In recent years, J has once again done his part to bring 1920s Germany back in vogue by way of Cabaret Oscuro, a project that puts a contemporary spin on Berlin cabaret. Much as the gothic ethos made a comeback in the ’80s, cabaret has been enjoying a renaissance here in the double-Os in the form of presentations like Cabaret Oscuro, Marilyn Manson’s The Golden Age of Grotesque and the “Brechtian punk cabaret” of the Boston duo The Dresden Dolls. J sees the merging of cabaret with more contemporary styles—particularly punk—as a logical evolution.

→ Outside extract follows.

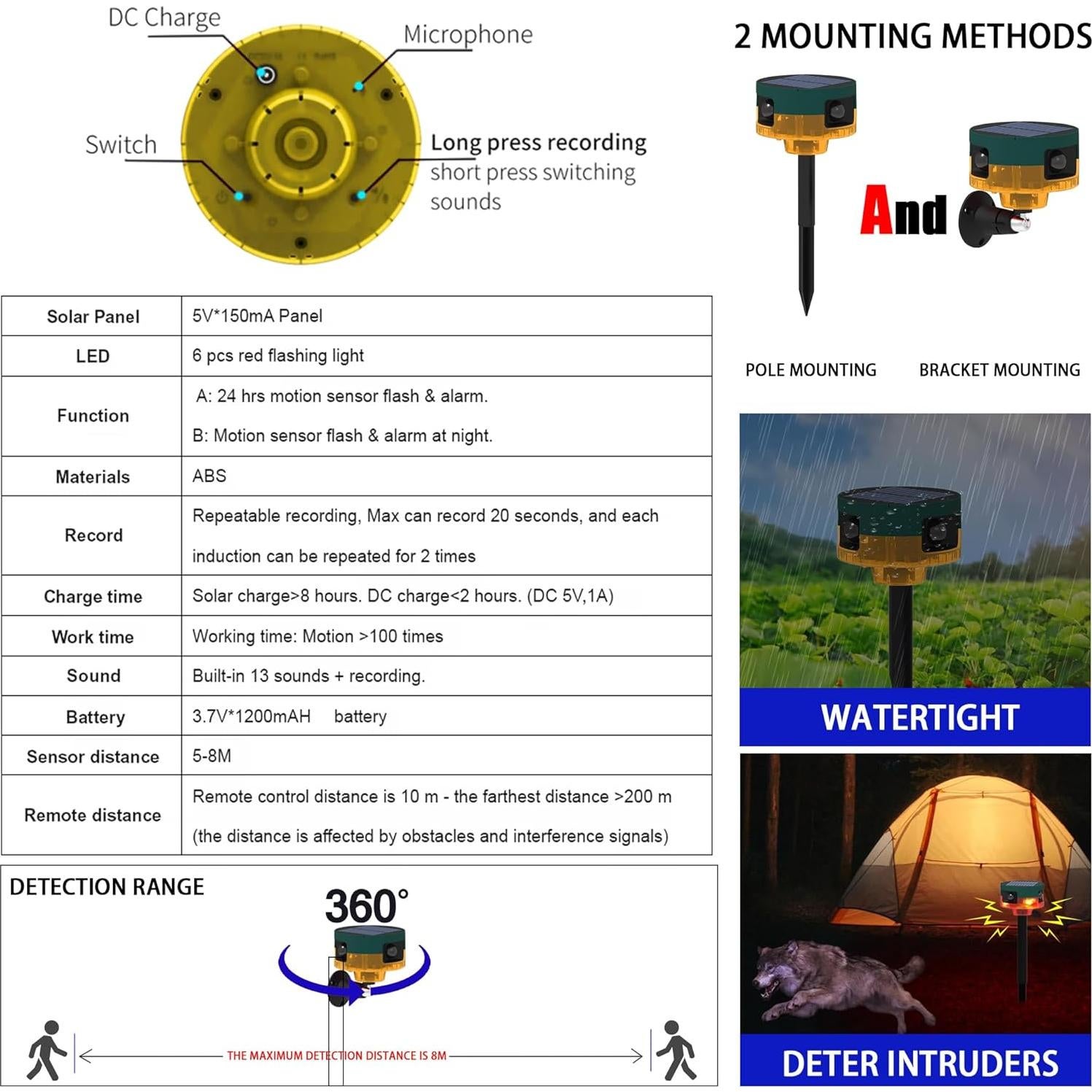 Alarma Solar de Movimiento QXMH con Sonido y Luz Estroboscópica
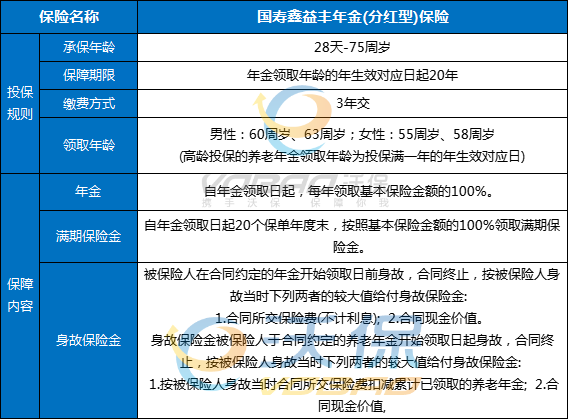 中国人寿开门红2025，中国人寿鑫益丰年金(分红型)收益怎么样?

“You see, [cabaret] was a product of the political and social environment at that time, inasmuch as in Weimar, before the war, it was railing against the fascists, and it was criticizing that whole political movement in a very sardonic, satirical way,” the singer offers. “When punk happened, it was doing the same. It had a social context and a political context that was vital to its form.”

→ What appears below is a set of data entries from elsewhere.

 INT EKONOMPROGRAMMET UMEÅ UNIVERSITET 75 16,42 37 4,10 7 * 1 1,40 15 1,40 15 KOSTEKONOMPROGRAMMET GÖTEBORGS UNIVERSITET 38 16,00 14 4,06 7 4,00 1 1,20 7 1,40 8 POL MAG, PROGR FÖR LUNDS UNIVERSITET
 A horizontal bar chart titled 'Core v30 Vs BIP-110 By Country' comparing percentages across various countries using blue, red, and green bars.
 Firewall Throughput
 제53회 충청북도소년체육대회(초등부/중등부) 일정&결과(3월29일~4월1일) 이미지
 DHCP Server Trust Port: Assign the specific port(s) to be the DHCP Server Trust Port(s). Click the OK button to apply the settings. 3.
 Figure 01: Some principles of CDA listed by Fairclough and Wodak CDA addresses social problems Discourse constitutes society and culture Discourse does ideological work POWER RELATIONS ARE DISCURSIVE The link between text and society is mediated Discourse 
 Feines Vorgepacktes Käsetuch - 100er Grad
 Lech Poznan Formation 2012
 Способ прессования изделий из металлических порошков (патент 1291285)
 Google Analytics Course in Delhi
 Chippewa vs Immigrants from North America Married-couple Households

J comes to the Kuumbwa this Sunday to play songs from throughout his career. He shares the bill with former Concrete Blonde vocalist Johnette Napolitano (johnettenapolitano.com). In keeping with his habit of juxtaposing the contemporary with the historical, he plans to play a cover of The Clash’s “Straight to Hell” featuring accompanist Kenny Annis on the sarod, an instrument commonly used in Indian classical music.
When not busy making his own music (www.davidjonline.com), J has recently been DJing, producing albums by artists like Michael de Winter (www.myspace.com/minus12) and Vinsantos (alightawakeinside.com) and playing in the ambient/experimental ensemble THREE (myspace.com/evocations). And, in yet another retro-modern maneuver, he’s been writing, directing and producing the play “Silver for Gold: The Odyssey of Edie Sedgwick,” set to premiere in L.A. in early 2008. “It’s Edie [an actress in many of Andy Warhol’s films] as Persephone from the Greek myth, and it’s her odyssey told in mythic terms,” he explains.
As will surely come to the dark delight of alt-rock fans worldwide, J also recently convened with the other members of Bauhaus to record the band’s first album of new material since 1983. Titled Go Away White, it’s tentatively slated for release in March of next year.
Now that’s history to look forward to.